Schematic diagram depicting four stages of the Holocene evolution of the Bañados del Atuel wetland: a an alluvial plain developed before ~ 3 ka; b fluvial fill terrace formation owing to incision ~ 3 ka led to decoupling of the former alluvial plain from active fluvial processes along the incised channel; c present-day floodplain wetland developed over the last 2–3 millennia. Dune complexes (parabolic dunes with superimposed transverse-barchanoid dunes) cover the fill terrace surface that bounds the present-day wetland. Low relief aeolian dunes also control flow in some reaches of the present-day wetland; d the present-day floodplain wetland is subject to a trend of size reduction, starting ~ 200 years ago

Full size image

Two main episodes of dominant aeolian activity are inferred during the late Holocene. The first one was related to parabolic dune formation. Parabolic dunes tend to occur in areas with high groundwater levels and are favoured by the presence of vegetation or dampness in the lower sides of the dunes (Goudie 2011). Vegetation anchors the less mobile parabolic dune arms against aeolian processes and promotes the downwind advance of the central section. Parabolic dunes may replace more active forms such as barchans if vegetation cover increases or wind velocities slacken (Goudie 2011). The second episode of aeolian activity is recorded by the presence of NW–SE oriented transverse barchanoid dunes superimposed on the parabolic dunes. In this regard, Goudie (2011) and Barchyn and Huegnholtz (2012a, b) have stated that parabolic dunes can turn into active transverse dunes if vegetation cover diminishes. Barchan–parabolic transformation occurs via feedback initiated from colonization of vegetation on the dune slipface, which causes the stabilization of individual ‘dune slices’ (Barchyn and Huegnholtz 2012a, b). This process can only occur when slipface deposition rates are less than the deposition tolerance of vegetation. In this sense, the formation of transverse dunes in the study area could have been promoted by an arid condition at the late Holocene. The morphology of the dunes (i.e. parabolic dunes with superimposed transverse barchanoid dunes) evidences a likely decrease in the vegetation cover because of more arid conditions.
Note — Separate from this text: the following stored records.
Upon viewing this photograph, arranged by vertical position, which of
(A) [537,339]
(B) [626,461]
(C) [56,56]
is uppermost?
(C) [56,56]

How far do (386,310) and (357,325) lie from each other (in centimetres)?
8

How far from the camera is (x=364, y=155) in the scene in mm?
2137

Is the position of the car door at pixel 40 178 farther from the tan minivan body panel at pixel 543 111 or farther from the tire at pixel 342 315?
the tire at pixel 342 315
This pattern of fluvio–aeolian interactions not only resulted in dune complexes covering the fill terrace surface, but also in the dominant SW–NE orientation of the dune systems that controlled the development of the floodplain in the present-day wetland in several sectors. This is suggested by interdune settings of parabolic dunes and the SW–NE oriented aeolian linear pattern that currently is flooded when the wetland is active. Besides, deflation basins are associated with some channel reaches, as indicated by the dunes in the N-NE margin of the depressions.
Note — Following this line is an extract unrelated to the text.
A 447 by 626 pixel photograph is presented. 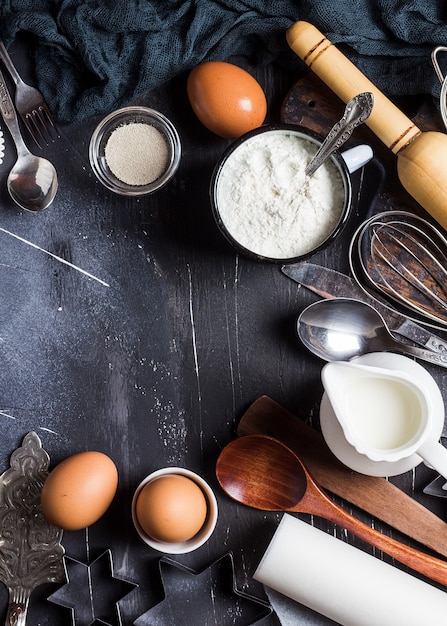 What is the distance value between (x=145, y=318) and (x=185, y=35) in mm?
419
Regarding these fluvio-aeolian interactions in the study area, some similarities can be found in other drylands; for example, with the Murray-Darling Basin, Australia. There, the main area of dunes—the mallee dunefield—is suggested to have developed as a function of: (1) the spatial environmental transition in the catchment; and (2) the role of the coupled fluvial–aeolian–lacustrine systems in the formation of local source-bordering dunes (Bullard and McTainsh 2003). The formation of channel source-bordering dunes in that region of Australia took place from 5500 years BP to 600 years BP, because of significant sand supply by streams and very hot, dry and windy summer conditions that promoted sand deflation from the channels (Williams et al. 1991, in Bullard and McTainsh 2003). Earlier in the late Holocene, climatic conditions and lower wind speeds precluded the formation of source-bordering dunes; moreover, under current conditions, the dunes are not active because of a well-developed vegetation cover and the lack of sediment supply (Williams et al. 1991, in Bullard and McTainsh 2003). Thus, at present, the fluvio-aeolian system is described as decoupled: aeolian activity is largely separated from the fluvial system (Bullard and McTainsh 2003).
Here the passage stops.